## EXERCISE PROMPT
From the records below, please print only the lines from the one containing "All right, now" through the one containing "Hi all, this", both included. Skip the pictures.

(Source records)
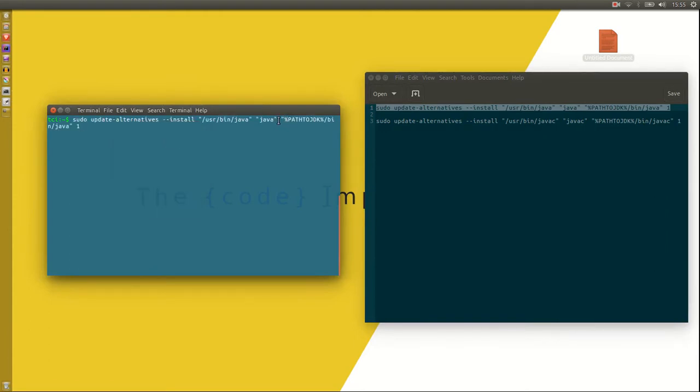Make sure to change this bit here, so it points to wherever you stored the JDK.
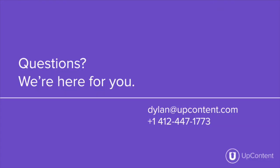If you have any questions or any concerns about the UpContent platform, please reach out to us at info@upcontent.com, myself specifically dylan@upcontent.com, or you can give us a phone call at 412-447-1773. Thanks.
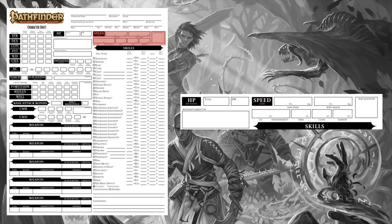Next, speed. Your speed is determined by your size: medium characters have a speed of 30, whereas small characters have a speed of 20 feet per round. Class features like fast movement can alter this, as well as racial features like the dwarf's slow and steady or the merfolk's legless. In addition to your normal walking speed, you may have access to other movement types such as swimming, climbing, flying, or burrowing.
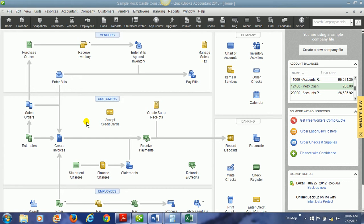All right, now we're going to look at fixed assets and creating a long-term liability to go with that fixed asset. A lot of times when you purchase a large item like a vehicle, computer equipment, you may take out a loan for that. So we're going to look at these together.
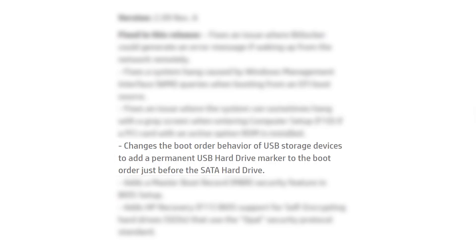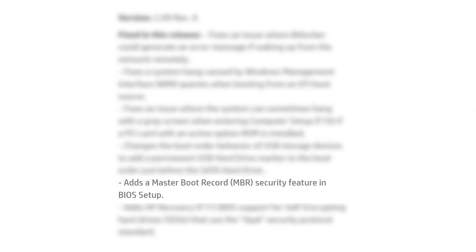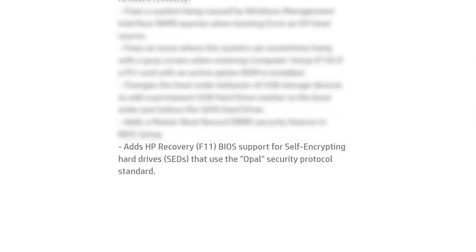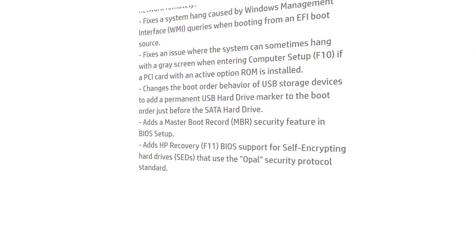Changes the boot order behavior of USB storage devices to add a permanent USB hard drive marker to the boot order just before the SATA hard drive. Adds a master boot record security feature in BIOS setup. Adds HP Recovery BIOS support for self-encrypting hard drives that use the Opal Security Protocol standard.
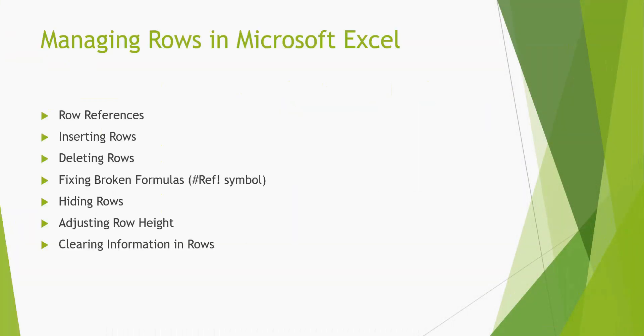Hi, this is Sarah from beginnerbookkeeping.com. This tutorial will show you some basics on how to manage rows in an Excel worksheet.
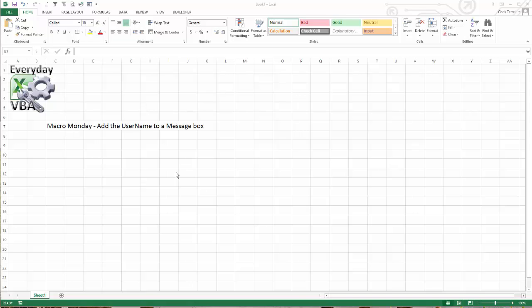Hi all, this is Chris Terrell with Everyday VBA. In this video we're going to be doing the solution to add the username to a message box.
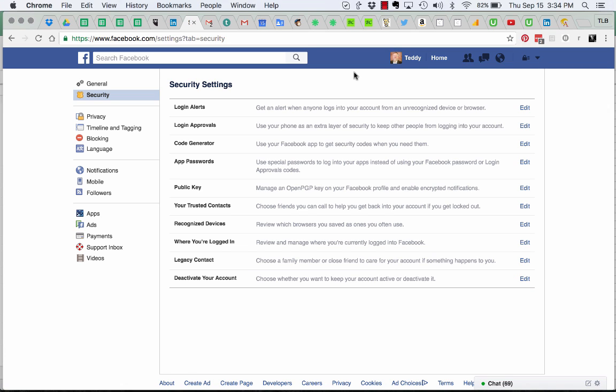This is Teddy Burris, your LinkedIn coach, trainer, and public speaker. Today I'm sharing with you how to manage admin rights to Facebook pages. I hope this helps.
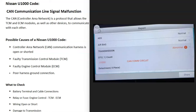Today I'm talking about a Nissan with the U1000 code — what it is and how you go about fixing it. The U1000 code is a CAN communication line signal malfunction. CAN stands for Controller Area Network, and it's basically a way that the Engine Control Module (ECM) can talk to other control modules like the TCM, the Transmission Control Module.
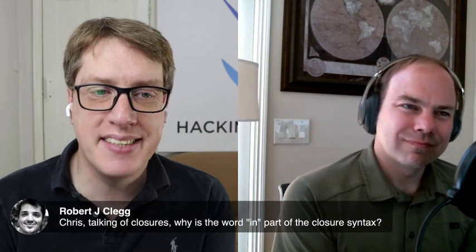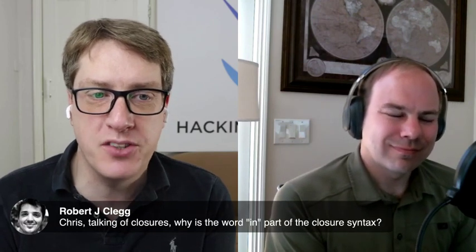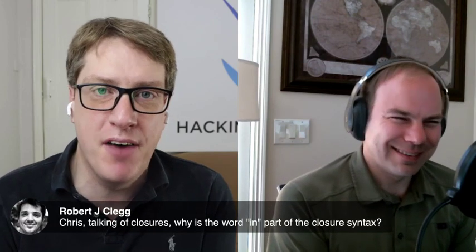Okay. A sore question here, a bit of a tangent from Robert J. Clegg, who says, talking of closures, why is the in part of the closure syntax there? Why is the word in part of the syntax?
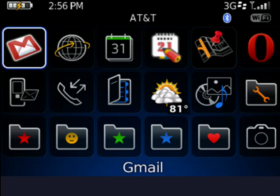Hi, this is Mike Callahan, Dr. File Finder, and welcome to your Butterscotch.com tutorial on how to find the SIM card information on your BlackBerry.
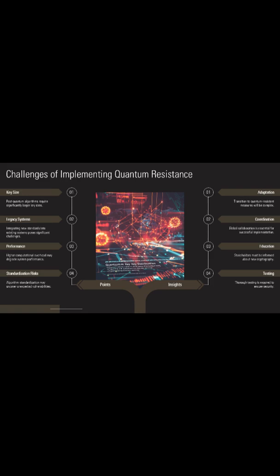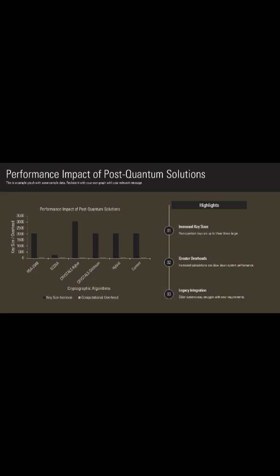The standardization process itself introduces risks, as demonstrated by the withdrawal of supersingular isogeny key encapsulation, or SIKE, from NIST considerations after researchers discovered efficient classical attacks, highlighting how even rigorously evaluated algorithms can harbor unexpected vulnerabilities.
* * *
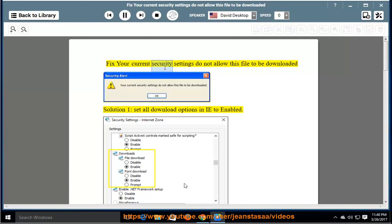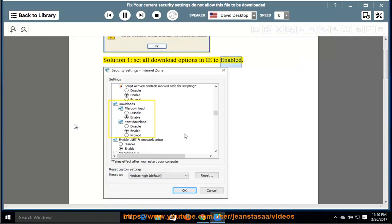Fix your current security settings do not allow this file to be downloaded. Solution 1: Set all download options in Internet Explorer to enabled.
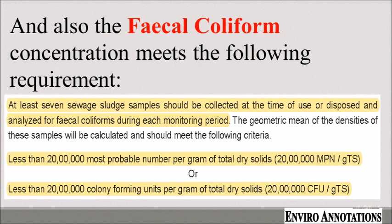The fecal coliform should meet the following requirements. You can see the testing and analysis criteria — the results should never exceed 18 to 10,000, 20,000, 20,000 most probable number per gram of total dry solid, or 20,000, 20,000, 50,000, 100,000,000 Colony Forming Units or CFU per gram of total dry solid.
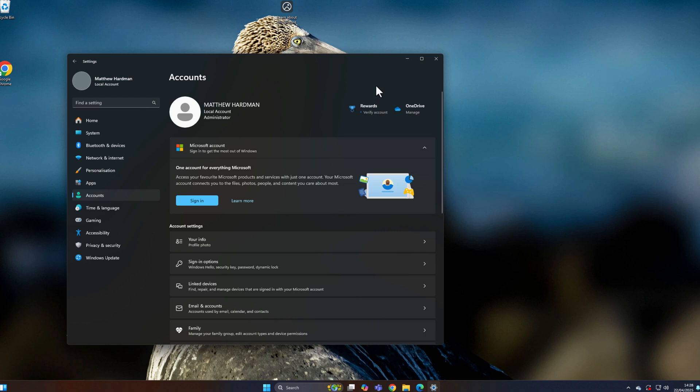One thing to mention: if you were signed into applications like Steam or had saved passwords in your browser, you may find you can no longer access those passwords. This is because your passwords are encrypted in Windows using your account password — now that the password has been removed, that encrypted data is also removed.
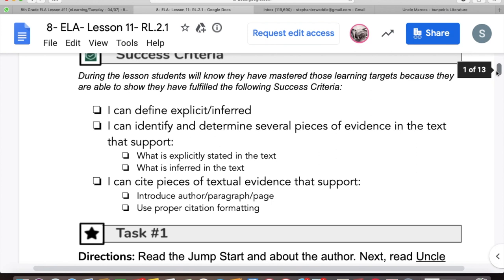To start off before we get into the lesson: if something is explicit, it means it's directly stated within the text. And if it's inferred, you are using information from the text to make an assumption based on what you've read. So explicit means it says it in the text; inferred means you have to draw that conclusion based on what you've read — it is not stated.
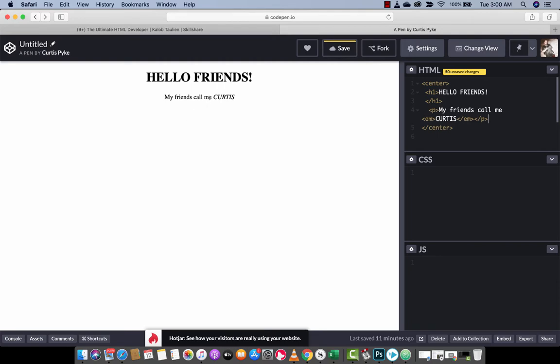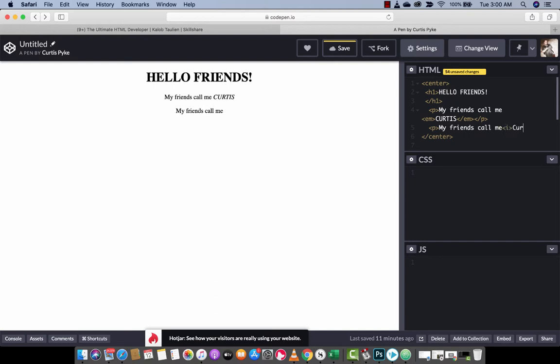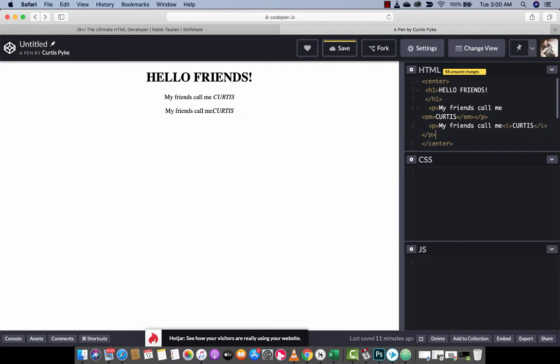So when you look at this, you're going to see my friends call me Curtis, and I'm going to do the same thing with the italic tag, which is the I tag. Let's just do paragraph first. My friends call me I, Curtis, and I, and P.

## PROBLEM SOLUTION
All right, now we're going to look at fixed assets and creating a long-term liability to go with that fixed asset. A lot of times when you purchase a large item like a vehicle, computer equipment, you may take out a loan for that. So we're going to look at these together.
Changes the boot order behavior of USB storage devices to add a permanent USB hard drive marker to the boot order just before the SATA hard drive. Adds a master boot record security feature in BIOS setup. Adds HP Recovery BIOS support for self-encrypting hard drives that use the Opal Security Protocol standard.
Hi, this is Sarah from beginnerbookkeeping.com. This tutorial will show you some basics on how to manage rows in an Excel worksheet.
Hi all, this is Chris Terrell with Everyday VBA. In this video we're going to be doing the solution to add the username to a message box.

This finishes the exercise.